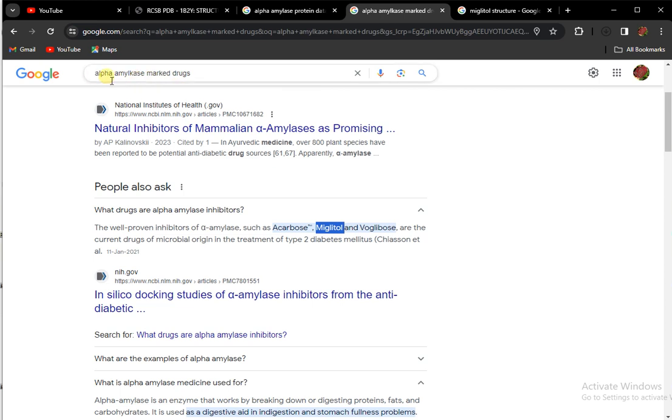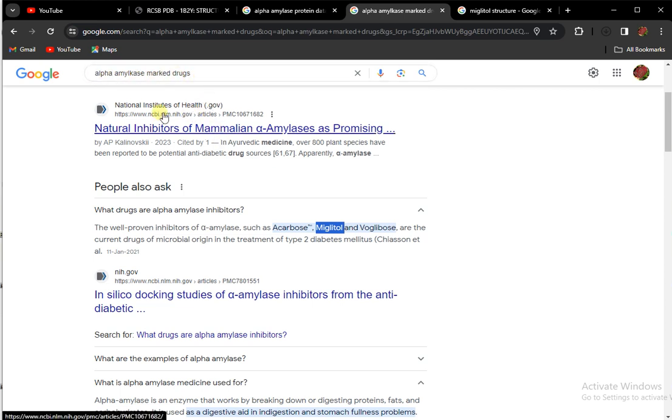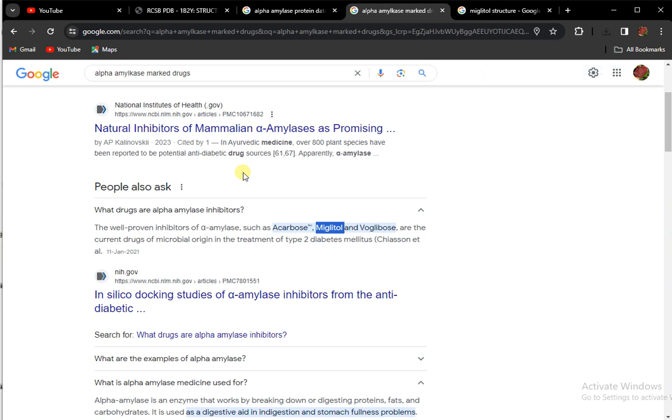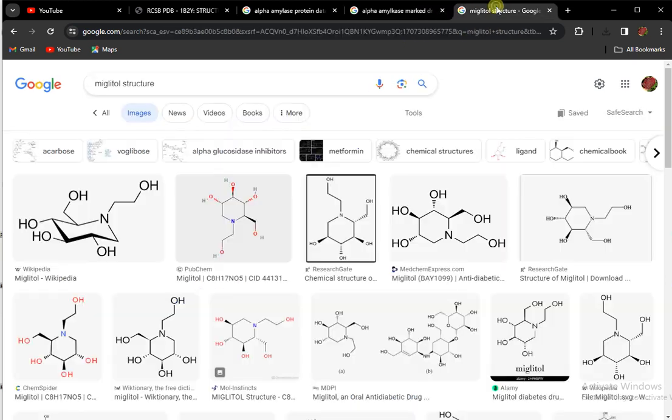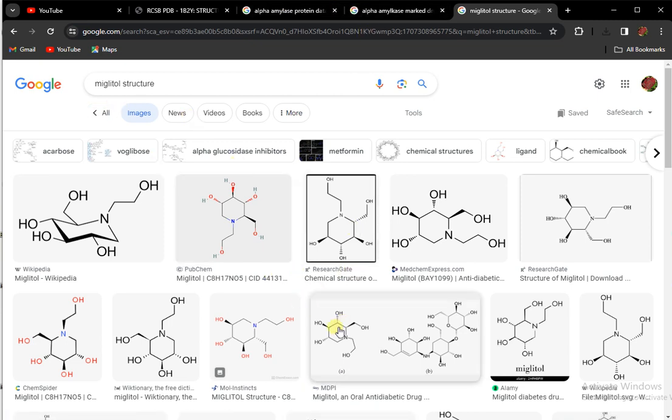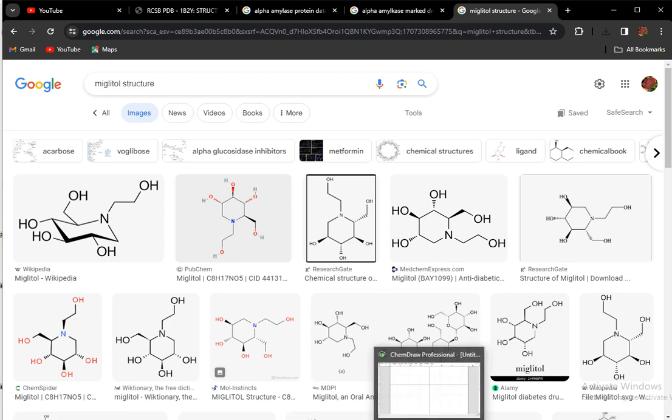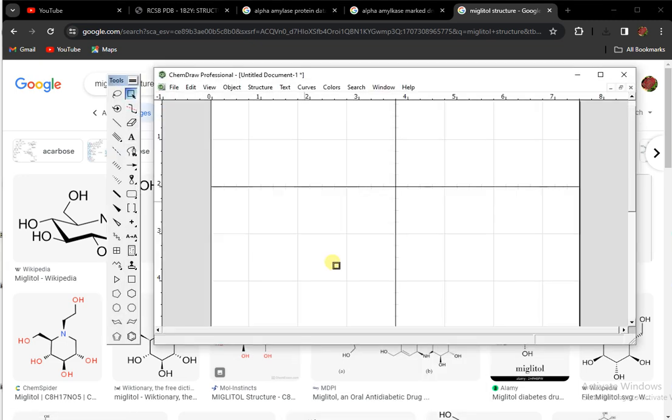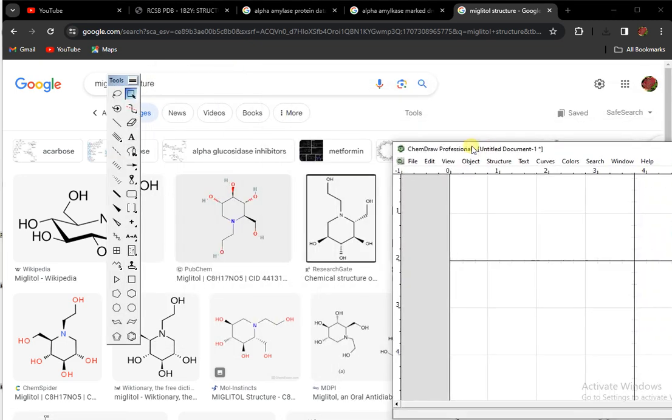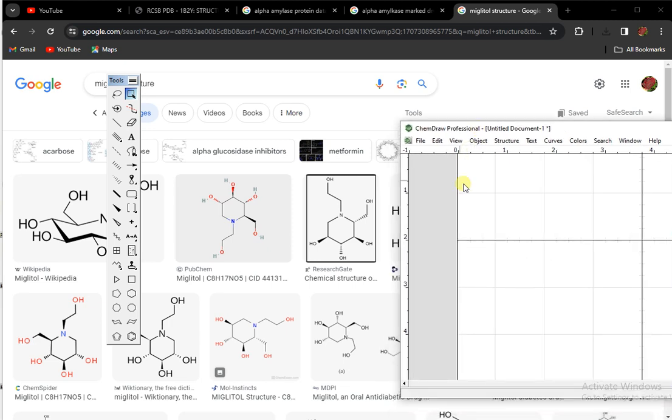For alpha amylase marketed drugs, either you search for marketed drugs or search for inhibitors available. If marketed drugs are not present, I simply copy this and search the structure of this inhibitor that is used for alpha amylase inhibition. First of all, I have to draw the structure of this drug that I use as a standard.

▬▬▬▬▬▬▬▬▬▬

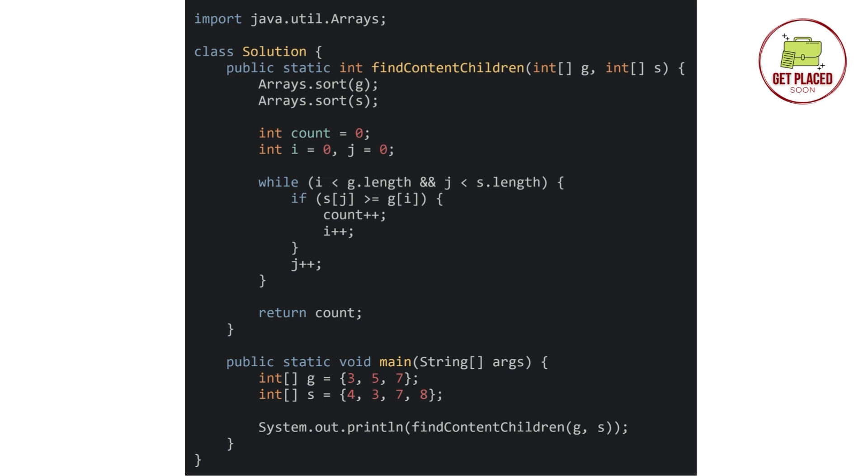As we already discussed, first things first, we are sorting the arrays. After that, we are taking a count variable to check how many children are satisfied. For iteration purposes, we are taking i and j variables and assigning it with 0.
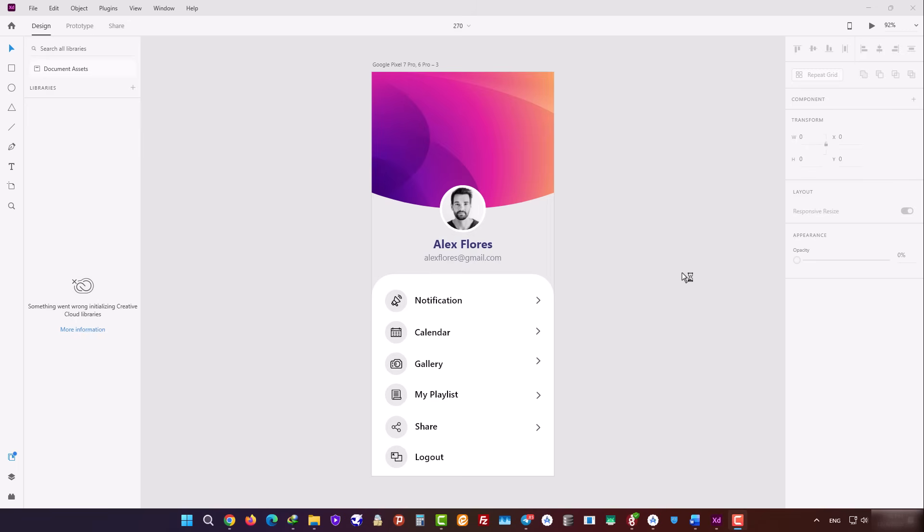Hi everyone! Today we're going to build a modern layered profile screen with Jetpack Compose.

▬▬▬▬▬▬▬▬▬▬

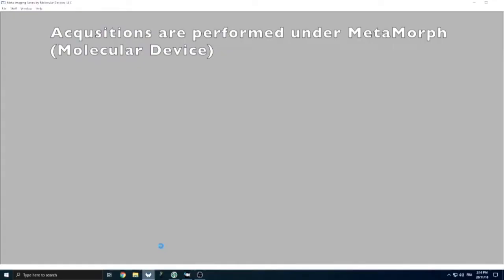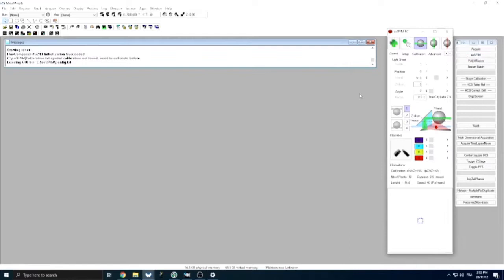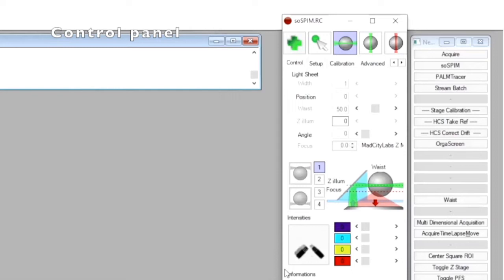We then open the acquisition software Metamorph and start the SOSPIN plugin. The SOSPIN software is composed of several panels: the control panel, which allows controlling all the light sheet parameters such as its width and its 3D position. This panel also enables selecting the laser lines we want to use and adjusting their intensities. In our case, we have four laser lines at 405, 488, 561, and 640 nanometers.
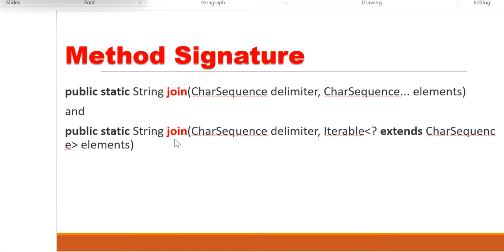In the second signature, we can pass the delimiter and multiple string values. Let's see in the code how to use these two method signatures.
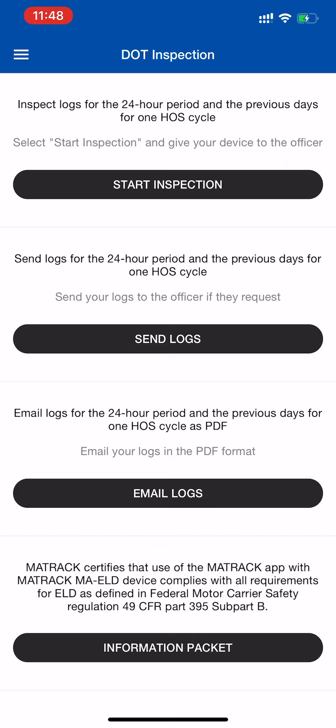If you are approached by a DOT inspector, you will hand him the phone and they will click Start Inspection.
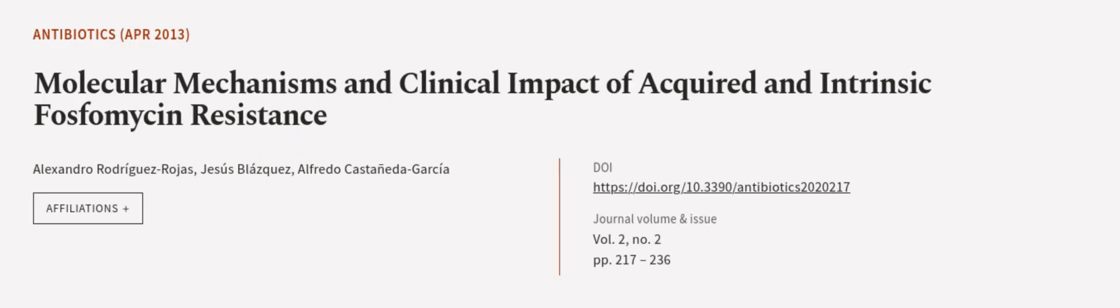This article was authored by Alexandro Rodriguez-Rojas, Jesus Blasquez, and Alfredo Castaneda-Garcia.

▬▬▬▬▬▬▬▬▬▬

» **What you should do**:
Exactly the lines above, from the one containing "We then open" down to the one containing "In the second", are to be repeated, including both ends. Pictures are not part of the copy.

» **Task solution**:
We then open the acquisition software Metamorph and start the SOSPIN plugin. The SOSPIN software is composed of several panels: the control panel, which allows controlling all the light sheet parameters such as its width and its 3D position. This panel also enables selecting the laser lines we want to use and adjusting their intensities. In our case, we have four laser lines at 405, 488, 561, and 640 nanometers.
In the second signature, we can pass the delimiter and multiple string values. Let's see in the code how to use these two method signatures.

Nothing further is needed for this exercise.